Perhaps that is what God is, a unifying feature in our lives, that brings us together, to once again go back into our childlike selves. To enjoy, to feel like there is a purpose. In a cut and dry late stage capitalist world, perhaps these are the little joys one must indulge themselves in. Foregoing any thought of logic and sense, to let yourself go, completely and wholly. There is something magical in that.
I find God in most things; The wind blowing through the trees, a downpour that provides my city with a much needed cool, an orange sunset, the crinkle in my friend’s eyes when they laugh loudly, the clatter of feet rushing to tell me something quickly, a movie that makes me cry, a generous man holding the lift open. Something holy, something special, exists in every one of us. An energy is there to be harnessed, it just depends how you look at it. I often wonder, for somebody who was raised without an image of God, I sure do see them in practically everything.
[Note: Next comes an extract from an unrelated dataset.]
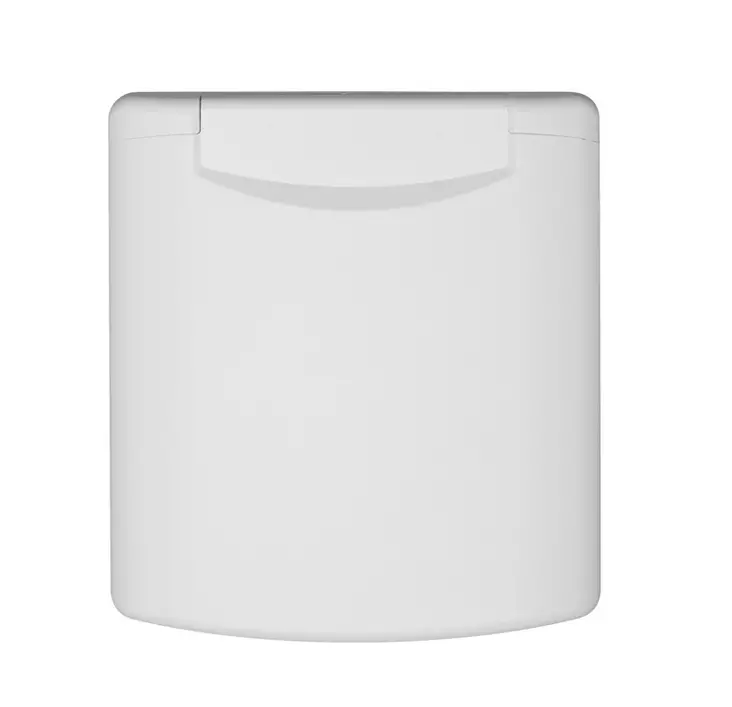 Rasian kansi valkoinen 13 magneettilukitus - Sähkörasiat, pistokkeet - 6936 - 1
This is so deep and yet so simple. So mature and yet so childlike in its wonder. Wow! To include all these layers in one essay! To put down the very thoughts that churn around so many of our heads. To see the youth in your grandmother and her friends. To hold so much together in your heart! And the last paragraph is genius. ❤️❤️❤️
Dear dear Suhani- what a piece. You have written for me ; you have articulated what I have been processing in bits and pieces all my adult life. How can I thank you for this. When I light the lamp and close my eyes, I say to the 'Best in Me' I pray. I hope that is good enough.